I had noticed the same effect in a cave I helped discover in Norway, a single passage descending steeply to an air-tight choke of sand; and breathing" due to the wind blowing across its entrance. Indeed, we named it "Breathing Cave" , or "Pustehohle" if I recall its translation correctly.
So I tried to apply the American results to an exploration project in which I am involved on the Mendip Hills, but the same fairly simple maths predicted a volume too large to fit under the hill! Despite the apparent regularity of the draught reversals, we decided the cause was simply fluctuations in the wind blowing across the open top of the vertical entrance shaft; lined with concrete pipes for its first 30 feet depth from their rim a little above the field level.

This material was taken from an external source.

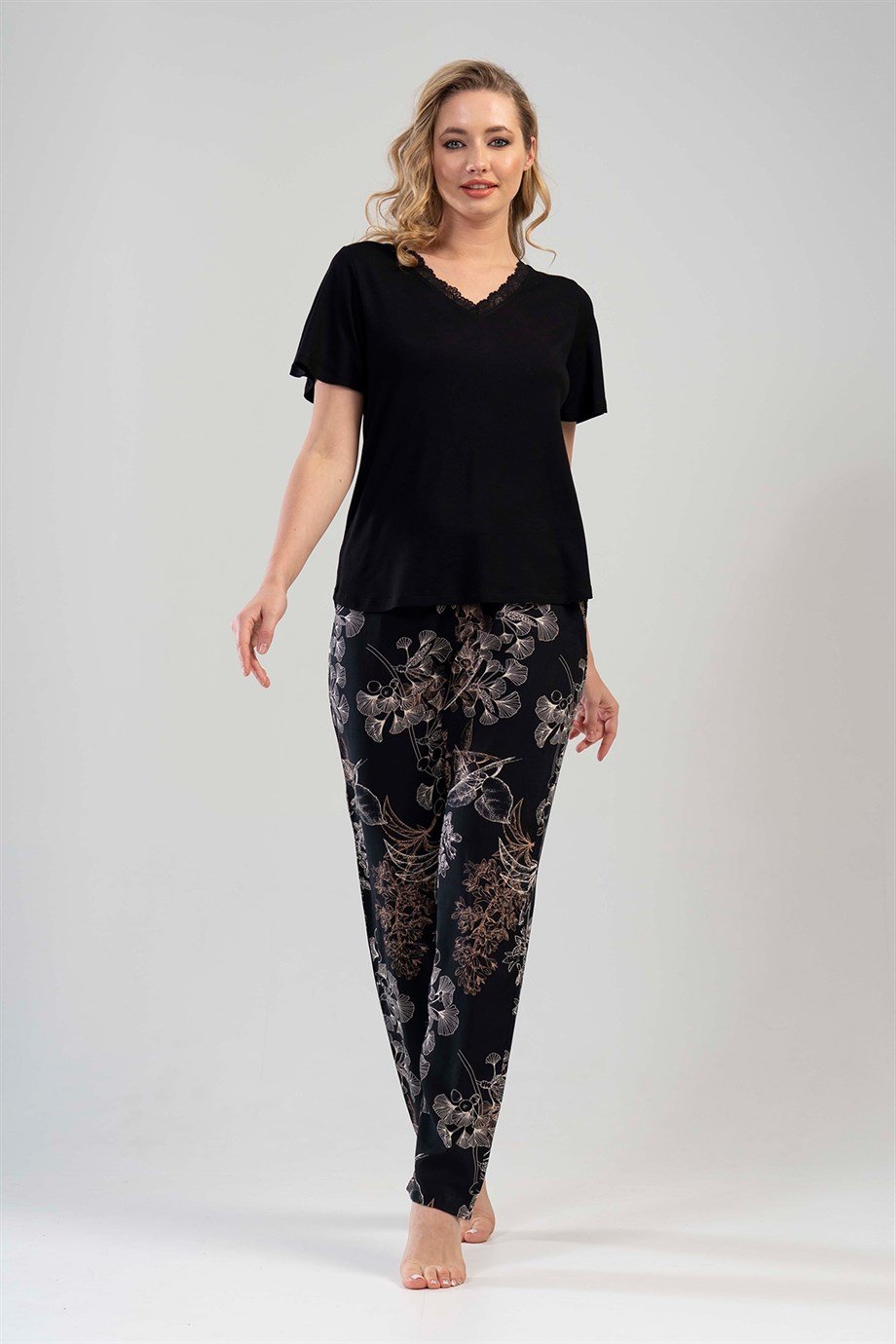 Kezokino 1112390382 Kadın Kısa Kollu  Pijama Takımı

This does though raise an intriguing question:
– Does the wind itself, blowing over a suitable edge, create a high-amplitude, sub-Hertz sound, different from the irregular gusts? In that location the edge is created by the steep SW face of the Mendip Hills, rising from a plain to a gently-undulating plateau surface. (The cave is not far to the East of Cheddar Gorge, so fairly close to the edge of the range; and the Gorge itself could also act as an acoustic lip.) So the cave's draught was influenced by the acoustic wave rather than the simple gusts marking turbulence in the air stream.
As our "dig" has progressed gradually downwards through an interminable mass of irregular boulders the "breathing" effect has largely disappeared; and the very chilly draught now, although weather-controlled, is generally fairly steady in direction and force.
Further to my thoughts are the shapes of some types of cloud cover, forming quite regular, parallel ridges of fluffy vapour separated by clear air. Though I have not often flown, I have seen from aeroplanes, strikingly regular swell effects on cloud cover lying below the flight path. Again, a very low frequency sound marked in clouds either by piling the vapour mass into waves analogous to sea-swells, or perhaps, by the sound-waves' compression and rarefaction controlling the vapour's condensation into concentrated regions.
'
That cave dig has an unlikely model-engineering link. We made for it a simple winch, revolving on plastic bushes on a cross-bar on a scaffolding tripod. The hexagonal side-frames about 3 feet across-corners, are welded from flat steel bar originally rails from a dismantled miniature railway!